Information supplied: Begin

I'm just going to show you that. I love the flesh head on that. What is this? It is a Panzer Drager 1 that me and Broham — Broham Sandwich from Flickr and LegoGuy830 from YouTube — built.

Information supplied: End
Information supplied: Begin

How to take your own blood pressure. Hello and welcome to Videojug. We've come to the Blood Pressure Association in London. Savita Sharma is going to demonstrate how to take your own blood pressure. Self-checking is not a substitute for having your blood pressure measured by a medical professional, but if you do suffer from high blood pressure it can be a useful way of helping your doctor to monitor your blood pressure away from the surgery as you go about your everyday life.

Information supplied: End
Information supplied: Begin

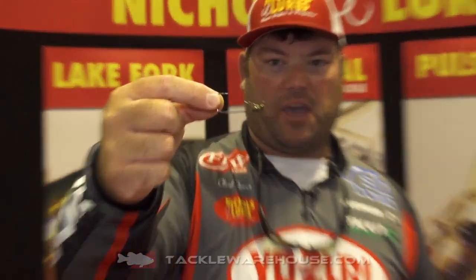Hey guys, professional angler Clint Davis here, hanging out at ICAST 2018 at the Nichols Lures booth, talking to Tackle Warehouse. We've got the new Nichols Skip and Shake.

Information supplied: End

(Problem): Say how many lines above hold the word "going", giving only the count.

(Result of this exercise): 2